Divieto di balneazione in Ticino: attenzione ai pericoli e alle multe

Il Comune di Pavia ricorda i rischi legati ai bagni nel fiume e le sanzioni previste.

Il divieto di balneazione nel fiume Ticino è un tema di grande attualità, soprattutto in un periodo di emergenza idrica. Nonostante le temperature elevate, è fondamentale prestare attenzione ai pericoli che possono derivare dalle correnti del fiume, che possono rivelarsi letali anche in giornate apparentemente tranquille.

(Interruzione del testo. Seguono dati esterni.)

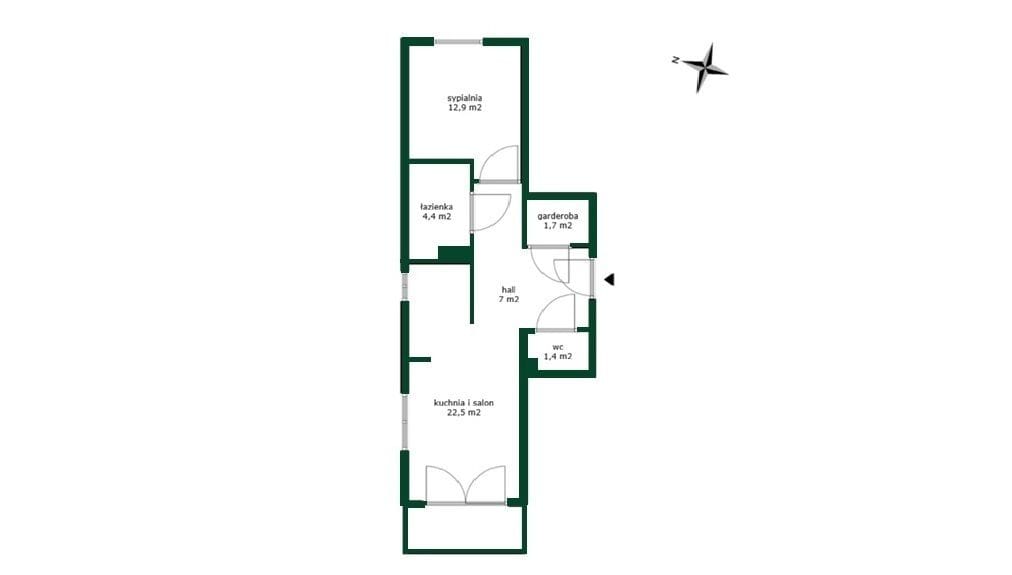 Mieszkanie 2 pokojowe na Sprzedaż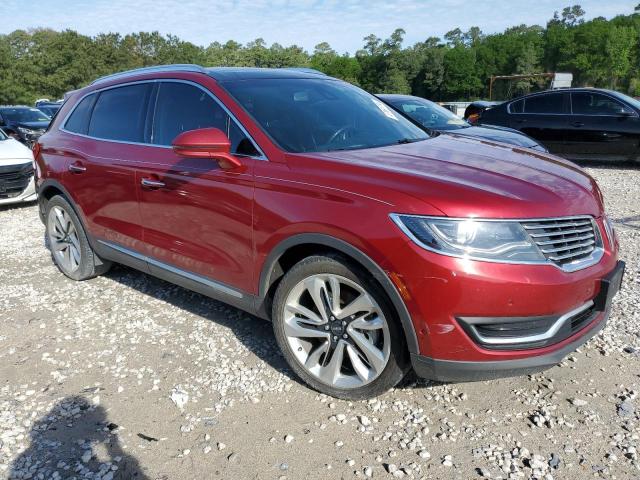 2LMPJ6LP8HBL11483 - 2017 LINCOLN MKX RESERVE أحمر صورة 4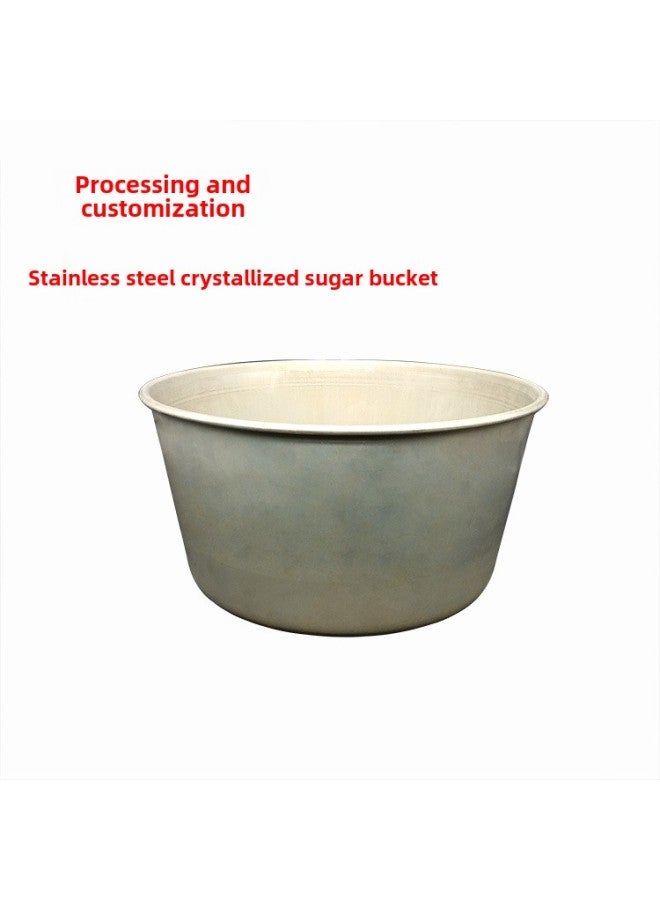 Processing Custom Round Rock Sugar Bucket Basin Crystallization Special Sugar Bucket Yellow Sugar Special Container Oblique Barrel-Specifications:Caliber 40cm - Image 1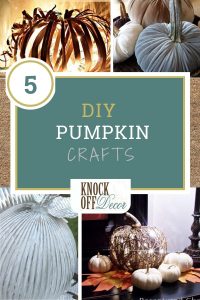 Five Fall Pumpkin Crafts
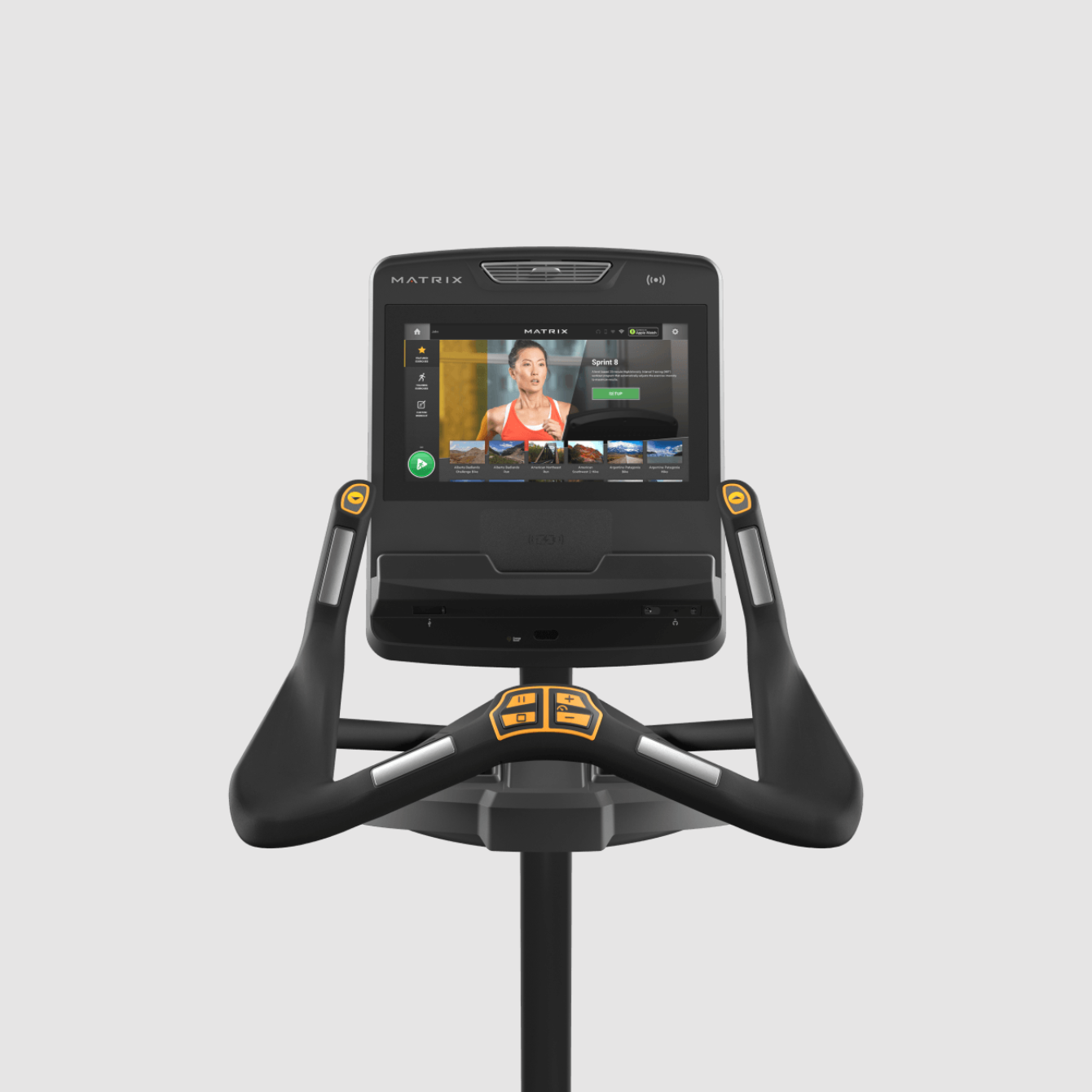 Performance Upright Cycle with Touch Console – Garner Fitness Supplies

Il Comune di Pavia ha stabilito regole chiare in merito alla balneazione. L’articolo 67 del regolamento di polizia urbana afferma che “Sono interdetti alla balneazione il fiume, i torrenti, i bacini ed i canali di irrigazione”. Chi viola questo divieto rischia sanzioni amministrative che variano da un minimo di 100 euro a un massimo di 500 euro.

Cartelli informativi e vigilanza

Per sensibilizzare la popolazione, il comune ha installato cartelli informativi in diverse lingue lungo le sponde del fiume, avvertendo sui pericoli di annegamento. Ogni estate si registrano incidenti, alcuni anche gravi, legati a persone che, cercando sollievo dal caldo, ignorano i rischi delle correnti.

La Polizia Locale è attivamente impegnata nel pattugliamento delle spiagge cittadine, cercando di mettere in guardia i bagnanti sui potenziali pericoli. Non mancano episodi controversi: la scorsa estate, un cittadino di origini senegalesi è stato multato per essersi immerso in acqua fino alla cintola, un gesto che ha infranto il divieto di balneazione.